Saved data entries:
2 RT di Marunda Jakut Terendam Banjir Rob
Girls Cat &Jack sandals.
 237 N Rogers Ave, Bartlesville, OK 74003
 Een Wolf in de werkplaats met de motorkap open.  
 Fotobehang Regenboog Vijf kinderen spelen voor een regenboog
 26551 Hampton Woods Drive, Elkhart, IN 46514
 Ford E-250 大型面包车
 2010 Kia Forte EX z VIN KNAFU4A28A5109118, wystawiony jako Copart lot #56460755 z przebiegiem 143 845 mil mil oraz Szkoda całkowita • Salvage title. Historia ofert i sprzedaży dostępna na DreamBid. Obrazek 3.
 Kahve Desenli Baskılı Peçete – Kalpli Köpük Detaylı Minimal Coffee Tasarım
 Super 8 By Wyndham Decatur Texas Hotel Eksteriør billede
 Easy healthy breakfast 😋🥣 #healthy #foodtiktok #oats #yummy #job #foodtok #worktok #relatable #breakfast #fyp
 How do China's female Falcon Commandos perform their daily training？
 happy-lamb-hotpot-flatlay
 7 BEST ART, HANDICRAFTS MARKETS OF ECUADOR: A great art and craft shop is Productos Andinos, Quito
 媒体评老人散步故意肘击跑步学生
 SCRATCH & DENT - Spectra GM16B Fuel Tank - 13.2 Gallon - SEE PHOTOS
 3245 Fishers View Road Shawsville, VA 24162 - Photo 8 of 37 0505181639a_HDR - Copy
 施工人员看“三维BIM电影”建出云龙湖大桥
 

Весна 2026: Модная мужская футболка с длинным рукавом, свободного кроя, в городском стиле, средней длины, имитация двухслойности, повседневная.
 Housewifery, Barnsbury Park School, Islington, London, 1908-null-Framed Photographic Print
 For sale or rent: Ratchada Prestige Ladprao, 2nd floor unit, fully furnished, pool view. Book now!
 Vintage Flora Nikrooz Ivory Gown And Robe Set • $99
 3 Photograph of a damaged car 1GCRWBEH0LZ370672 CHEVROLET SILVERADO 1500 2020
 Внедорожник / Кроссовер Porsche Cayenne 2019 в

TASK REQUIREMENTS:
Find "Housewifery, Barnsbury Park" in the records above. Repeat its line and every later line exactly, through the last one.

REPLY TO THE EXERCISE:
 Housewifery, Barnsbury Park School, Islington, London, 1908-null-Framed Photographic Print
 For sale or rent: Ratchada Prestige Ladprao, 2nd floor unit, fully furnished, pool view. Book now!
 Vintage Flora Nikrooz Ivory Gown And Robe Set • $99
 3 Photograph of a damaged car 1GCRWBEH0LZ370672 CHEVROLET SILVERADO 1500 2020
 Внедорожник / Кроссовер Porsche Cayenne 2019 в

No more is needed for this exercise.